Agreed that a magic write only attribute api for the backports doesn’t make sense in this case given the hasattr test and desire to encourage people’s code to log when something may be hazardous.

1 Like

The behavior should possibly be as close to zipfile as possible to prevent confusion and make them as interchangeable as possible for shutil. Am am mostly uncertain about the chosen behavior for user and group ownership… zipfile says that it tries to preserve as much information as possible except for stripping some paths like .. and absolut paths. IMO the data policy feels to extreme as a default and I would like a mix between tar and data which might ignore pipes and other special file-like entries but preserves ownership of possible.

IMO, data is a pretty good approximation of zipfile behavior, simply because zipfile doesn’t support *nix-specific features. (At least when extracting. For example, as far as I can see from the source, permissions are stashed in the archive, as external_attributes, but ignored when unpacking.)
data does honor the executable permission bit, unlike zipfile. That part is inspired by Git, FWIW.

As for ownership info, note that tarfile itself does not set it unless you are the *nix superuser.
It’s quite specialized piece of metadata. As far as I know, zipfile doesn’t support it at all.

1 Like

The TarFile initialiser accepts a tarinfo argument, which sets the type of tarinfo objects (it defaults to the TarInfo class).

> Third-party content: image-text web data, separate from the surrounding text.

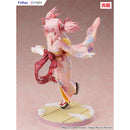 Good Smile Company Puella Magi Madoka Magica Side Story Magia Record Madoka Kaname Kimono Version 1/7 Scale re-run Figurine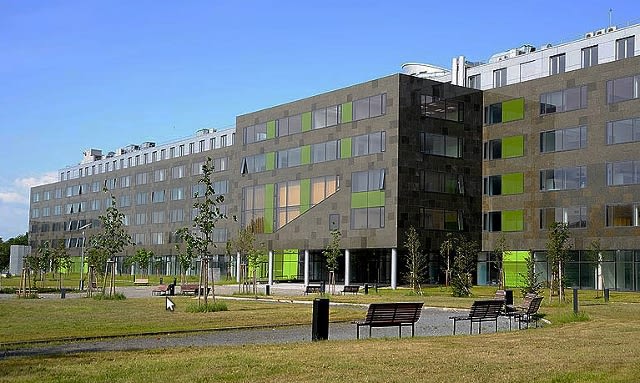 Fasády - realizace 4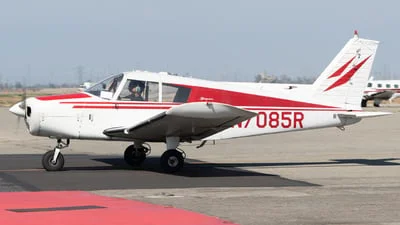 Piper PA-28-140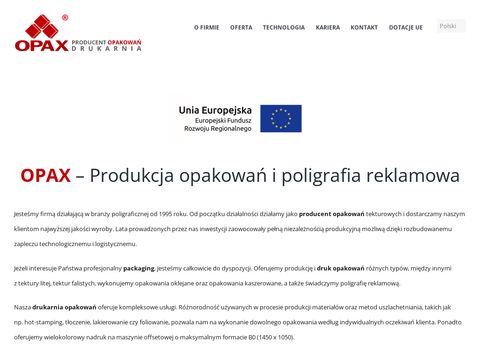Opax.pl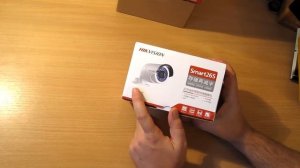 Hikvision DS-2CD2032-I с алиэкспресс
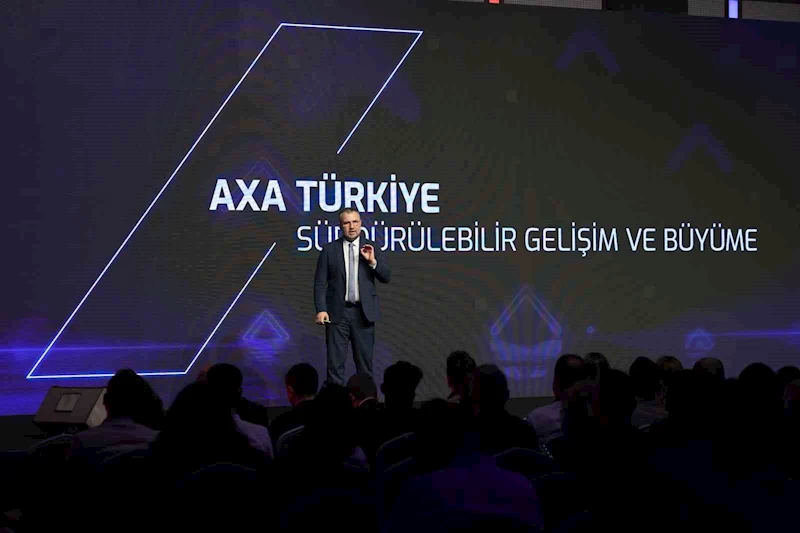 AXA Türkiye’den sürdürülebilir finansal sonuçlar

Q: Could we implement the policies described above in subclasses of TarInfo? It might be easier to retrofit. E.g.:

import tarfile
tarball = tarfile.TarFile.open(..., tarinfo=tarfile.FullyTrustedTarInfo)

Thanks for the consolidation of ideas. A few small suggestions:

Please clarify in the documentation when the policy object is called. Do I assume right that during a call of extractall() the policy is called exactly once per tarfile member and each call is made in the order the members appear in the tarfile? This is important for users who want to implement stateful policies such as TrustPreExistingSymlinksPolicy(). (Users would create a new policy object at each use for stateful policies as they cannot be shared across different archives. One could add a reset() function to tell the policy that the next call is for a new archive but this would not be enough when working with multiple tar files concurrently.)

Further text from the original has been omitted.